Masih tapian handuk tapi tamu sudah datang, aku buru-buru berdandan agar terlihat pantas. Ibuku sudah mempersiapkan hidangan karena diprediksi mereka akan lama bertamu.
Aku sudah hampir siap untuk menemui rekan masku itu. Serasa biasa saja tiada debar hanya sedikit malu. Aku bersalaman, menatap kerut dan sinaran matanya yang hanya sekejap namun cukup mampu memberi tahu bahwa dia senang melihatku.
Lalu aku menyalami masku dan mencium tangannya. Aku duduk bersekat satu kursi dari kawannya itu, kami saling curi pandang. Aku tahu setelah itu masku dengan sengaja meninggalkan kami berdua agar mengobrol dengan leluasa. Kami bercakap banyak hal, tentang latar belakang, aktifitas keseharian, politik, gosip artis sampai religi. Cukup nyambunglah, sangat menyenangkan.

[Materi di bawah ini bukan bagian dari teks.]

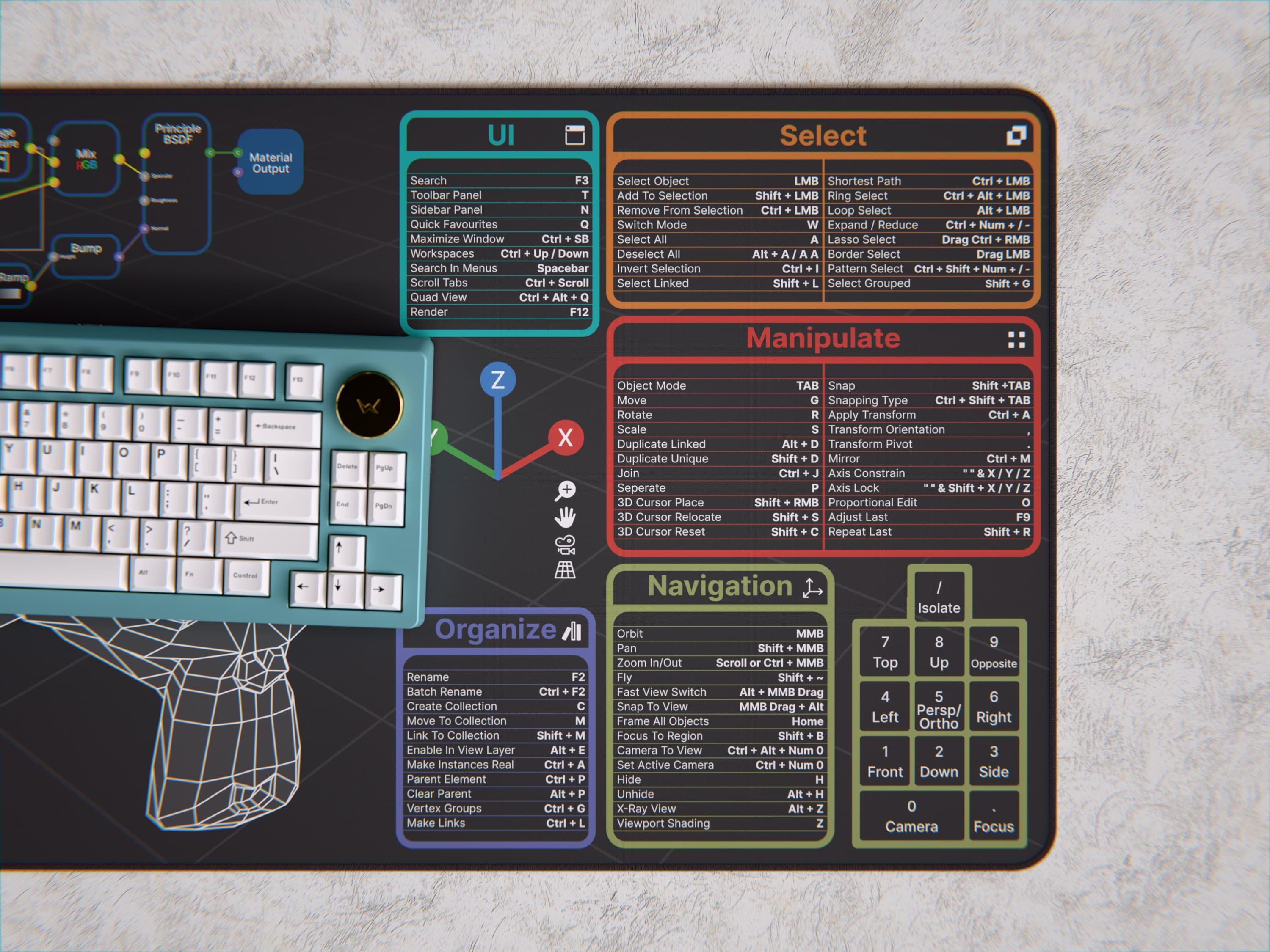 Cheat Sheet Deskmat image 5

Setelah ashar mereka berdua pamit. Setelah itu aku tak henti-hentinya memikirkan momen yang kupikir akan berkesan biasa saja. Nyatanya aku terbuai dan kusadari aku menyukainya. Untungnya kami sempat bertukar kontak, aku yang menawarkan diri lebih dulu.

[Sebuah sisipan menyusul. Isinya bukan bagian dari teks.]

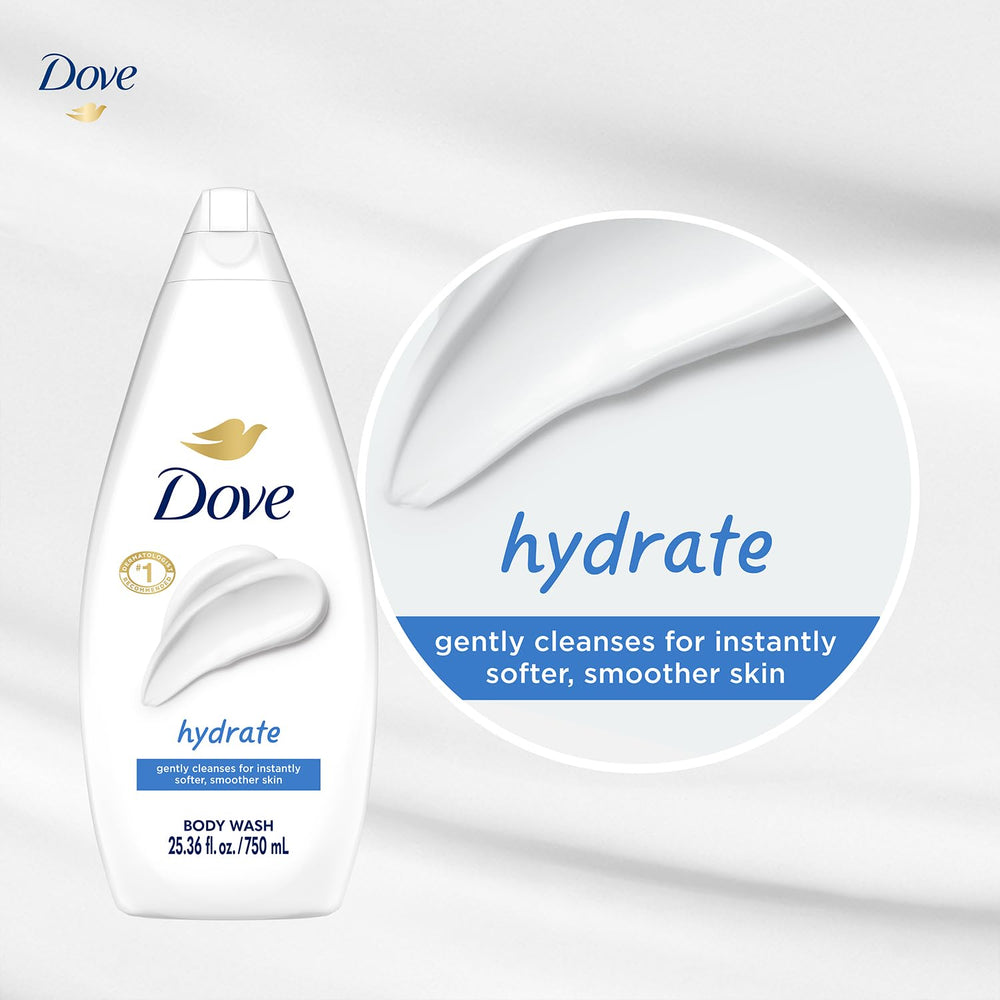 Dove Biodegradable formula globe represents eco-friendly cleansing.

Singkat cerita, sudah tiga hari setelah perkenalan kami, nihil pesan darinya sebagai pertanda apakah dia tertarik padaku juga. Sudah cukup lama aku tidak merasakan kegundahan semcam ini semenjak masa sekolah.
Sebelumnya aku mengurungkan niatku untuk mengirim pesan padanya, toh aku duluan yang menawarkan diri bertukar nomor hp. Sebenarnya dari situ aku harap dia peka.
Boy, can you get the hint?. I'm into you.
Dan dia bakal mengirim chat setelah dia sampai dikostan. Harapku.
Dan lagi, aku bertekad mencobanya. Jika dia tidak membalas atau membuatku menunggu cukup lama. Semua itu sudah cukup sebagai bukti dia tidak memiliki ketertarikan yang sama.
Sederhana saja, aku hanya menanyai kabarnya di pesan itu, lalu aku tap icon pesawat kertas. ✓✓Sent. Berdegub dadaku menunggu balasan darinya.
Sehari setelah pesan itu terkirim, hanya terlihat dua centang abu-abu. Yahh... Sudah. Setidaknya aku sudah cukup berani mencoba.
Tak bisa bohong, hal itu menyesakkan dada. Patah dan lesu. Lalu aku menghibur diri menonton film "He's just not that into you", menjagaku tetap waras dan menangis sesenggukan setelahnya.